=== DATASET RECORDS ===

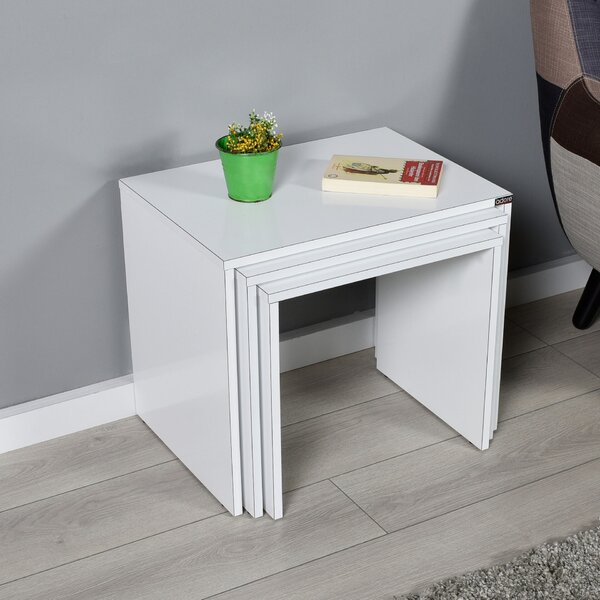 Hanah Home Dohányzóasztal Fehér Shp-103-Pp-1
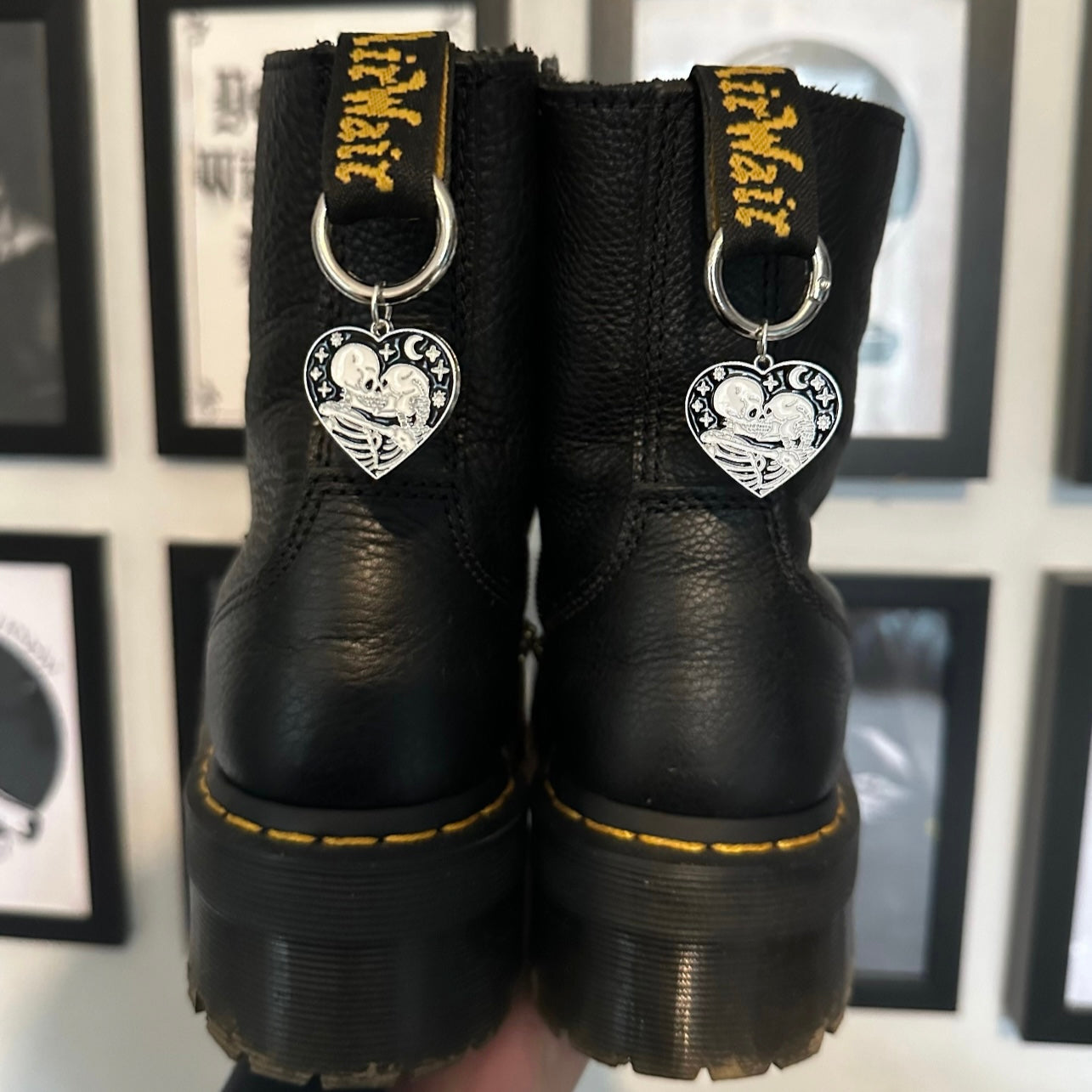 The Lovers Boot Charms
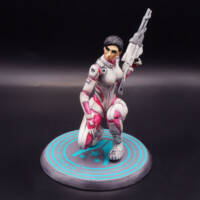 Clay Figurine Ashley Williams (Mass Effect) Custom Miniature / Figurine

===
=== DATASET RECORDS ===

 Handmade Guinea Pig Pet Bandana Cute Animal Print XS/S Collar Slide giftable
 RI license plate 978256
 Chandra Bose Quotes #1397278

===
=== DATASET RECORDS ===

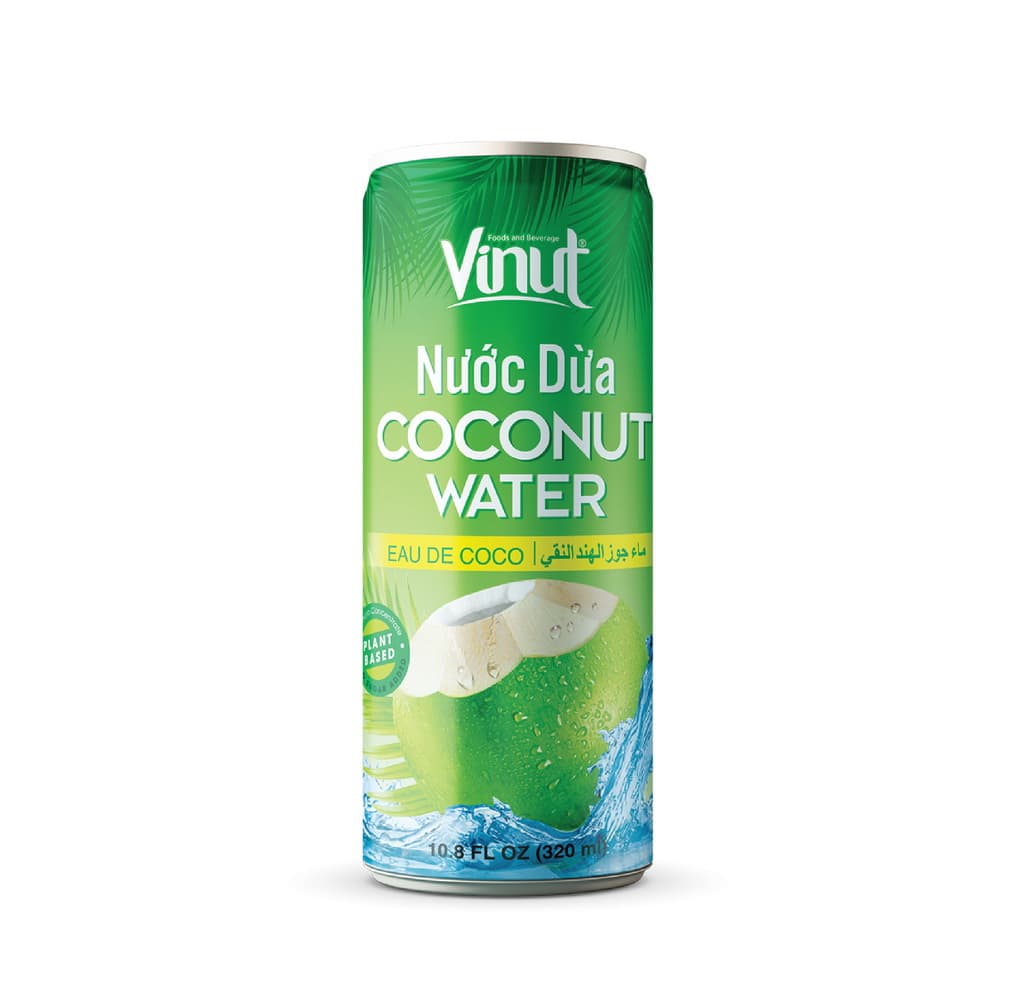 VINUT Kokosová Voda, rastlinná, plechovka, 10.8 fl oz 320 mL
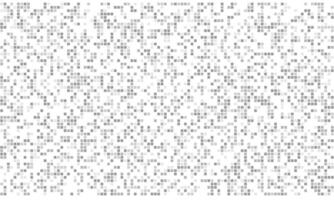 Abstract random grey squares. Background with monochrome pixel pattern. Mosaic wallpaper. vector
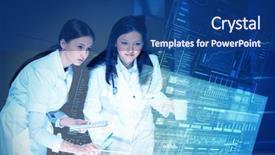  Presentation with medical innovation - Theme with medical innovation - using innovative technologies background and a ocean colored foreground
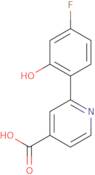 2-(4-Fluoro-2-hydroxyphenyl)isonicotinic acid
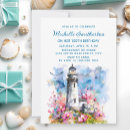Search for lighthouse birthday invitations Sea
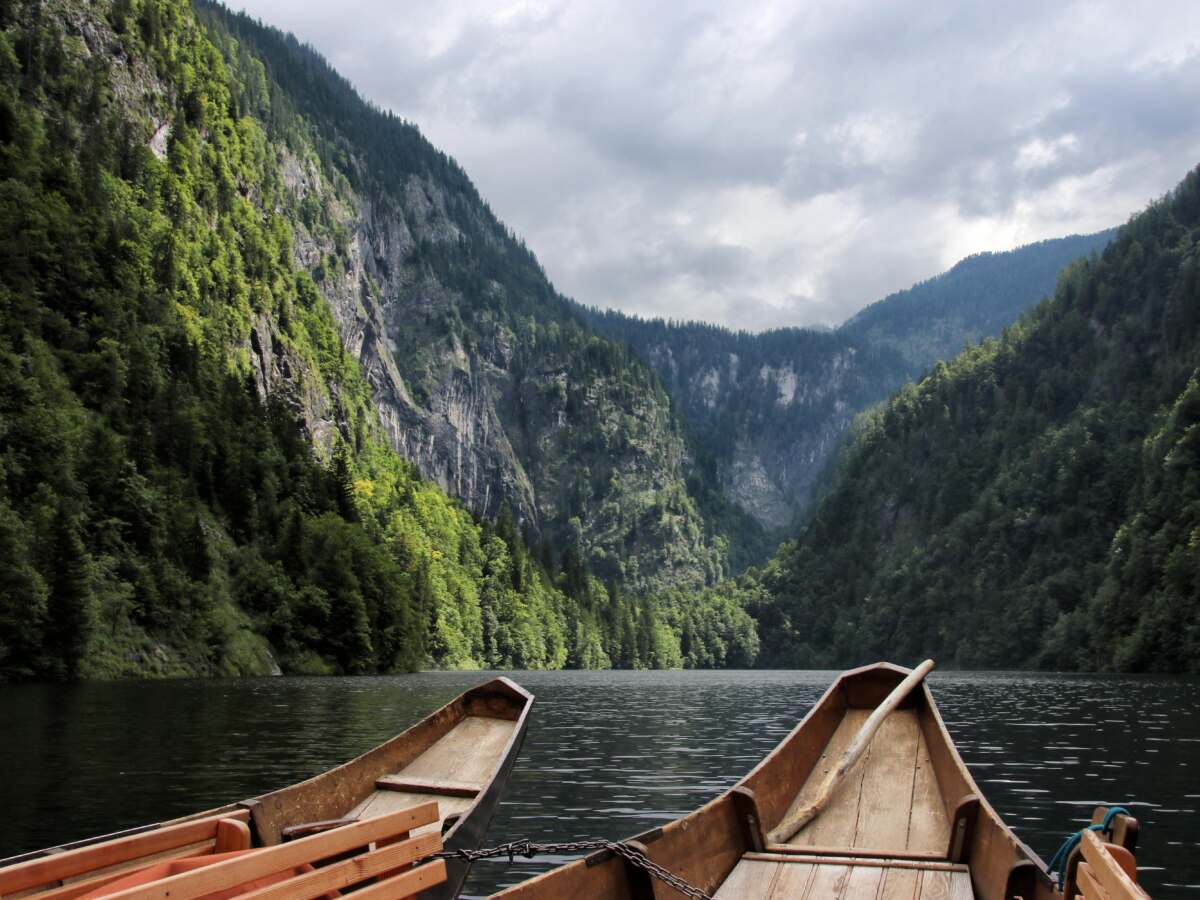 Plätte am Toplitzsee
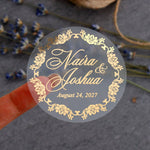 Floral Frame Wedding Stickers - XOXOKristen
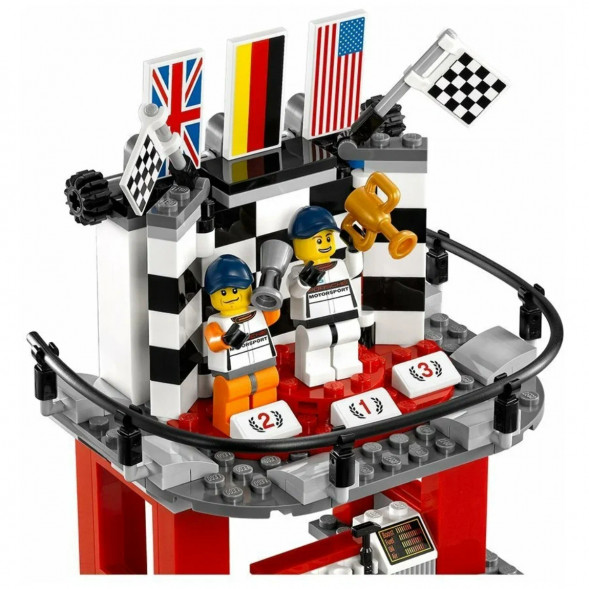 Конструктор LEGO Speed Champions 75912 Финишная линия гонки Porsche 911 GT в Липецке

===

EXERCISE GOAL: For this exercise, set down the lines in the entries above from the one with "Plätte am Toplitzsee" through the one with "Конструктор LEGO Speed" exactly as written, without any pictures.

EXERCISE RESPONSE:
 Plätte am Toplitzsee
 Floral Frame Wedding Stickers - XOXOKristen
 Конструктор LEGO Speed Champions 75912 Финишная линия гонки Porsche 911 GT в Липецке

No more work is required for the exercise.